- Exercise details
Each entry below should be echoed exactly, with pictures omitted.

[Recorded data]
━━━━━━━━

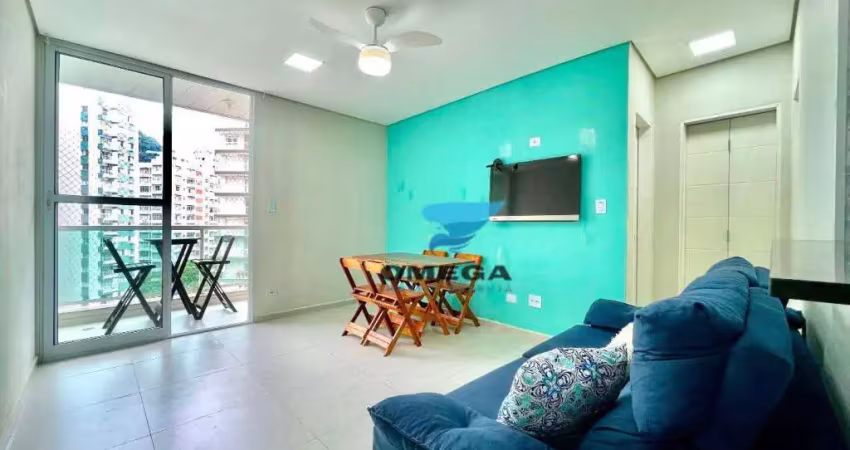 Apartamento com 2 dormitórios , suíte e sacada com vista mar venda na praia das pitangueiras - guarujá/sp
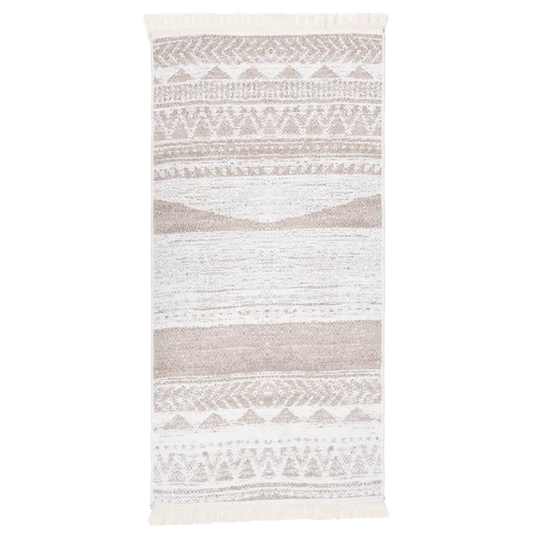 vidaXL Matto beige 80x150 cm puuvilla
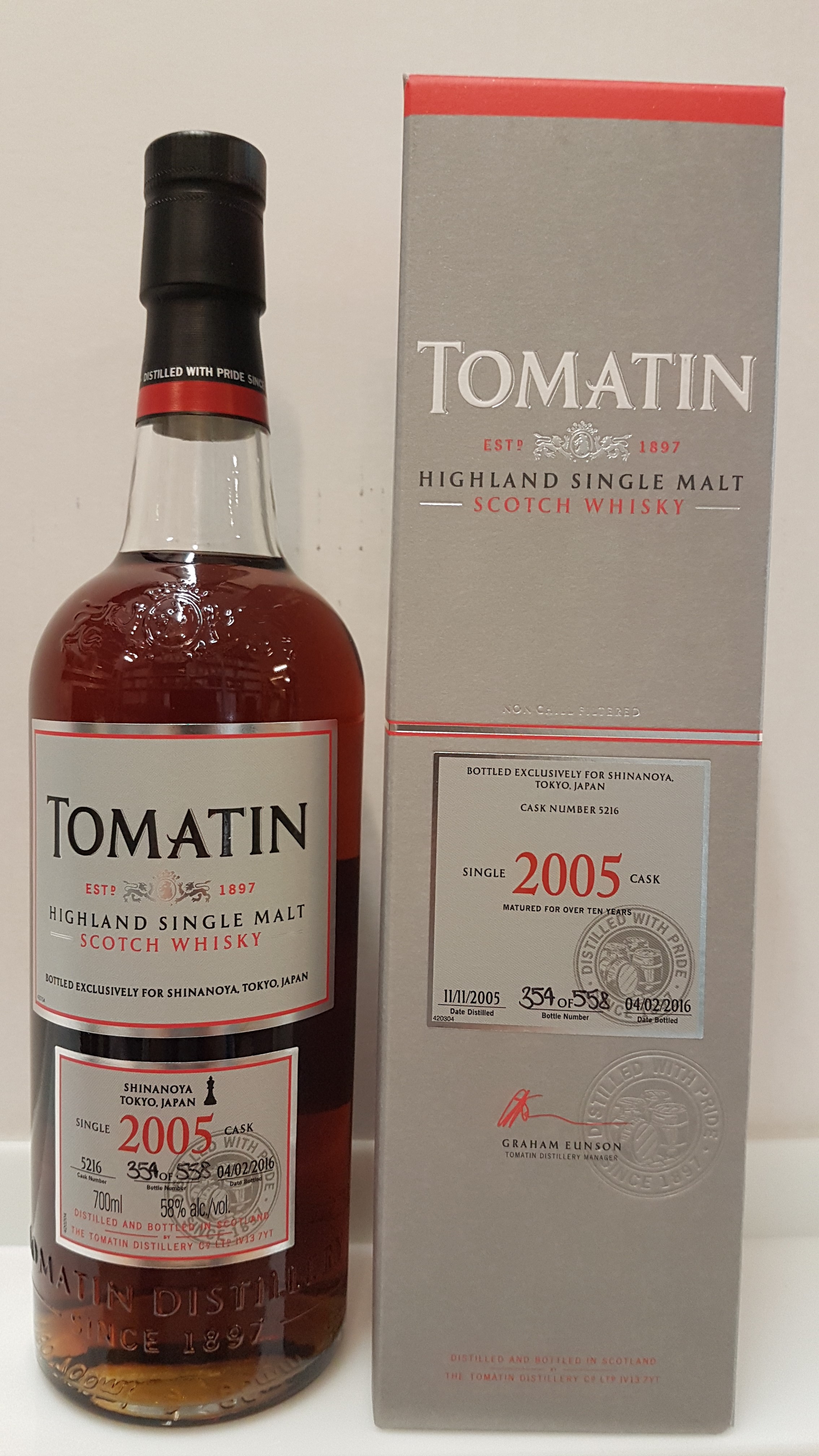 Tomatin 10y - Shinanoya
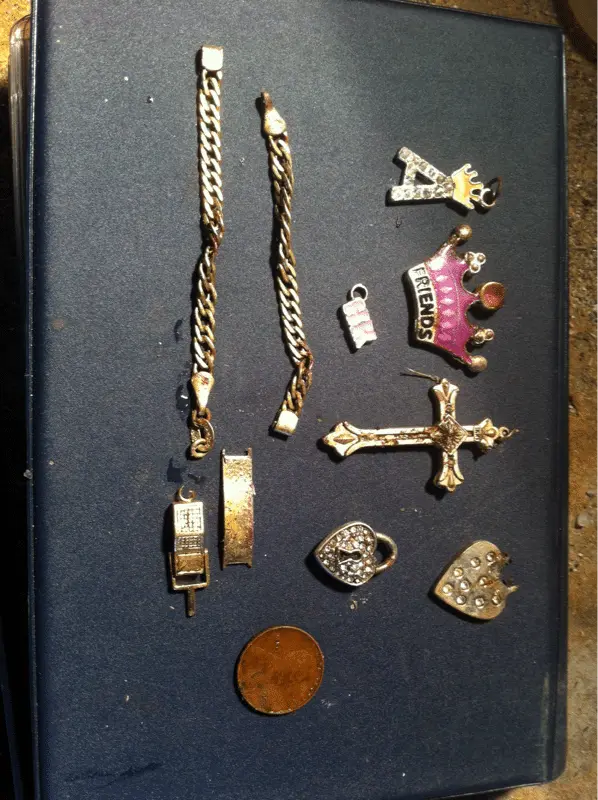 1953 wheat, 18kfill bracelet, 14kplated charm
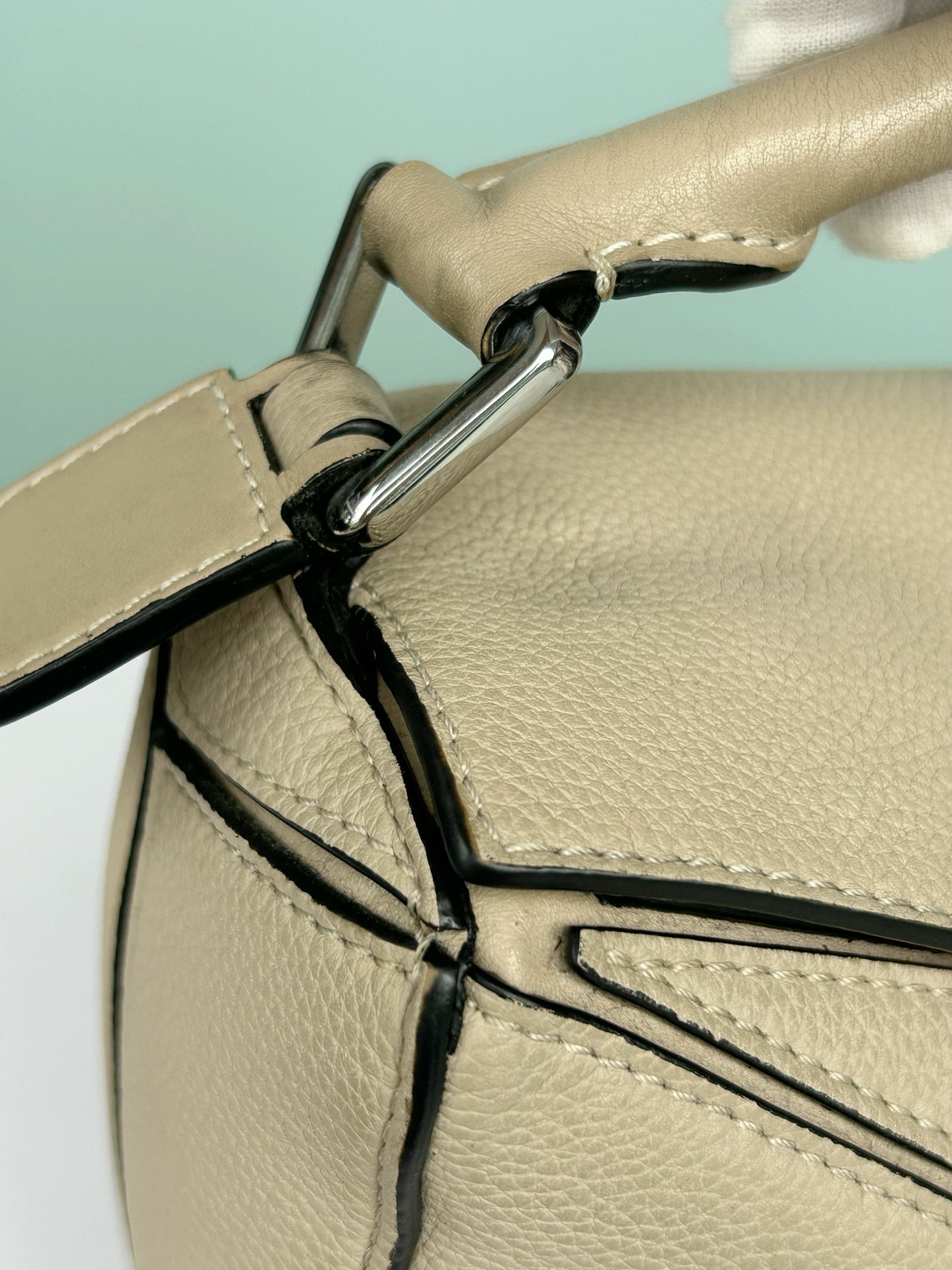 Loewe - Puzzle - Leather - Beige - (small)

━━━━━━━━

- The completed task
 Apartamento com 2 dormitórios , suíte e sacada com vista mar venda na praia das pitangueiras - guarujá/sp
 vidaXL Matto beige 80x150 cm puuvilla
 Tomatin 10y - Shinanoya
 1953 wheat, 18kfill bracelet, 14kplated charm
 Loewe - Puzzle - Leather - Beige - (small)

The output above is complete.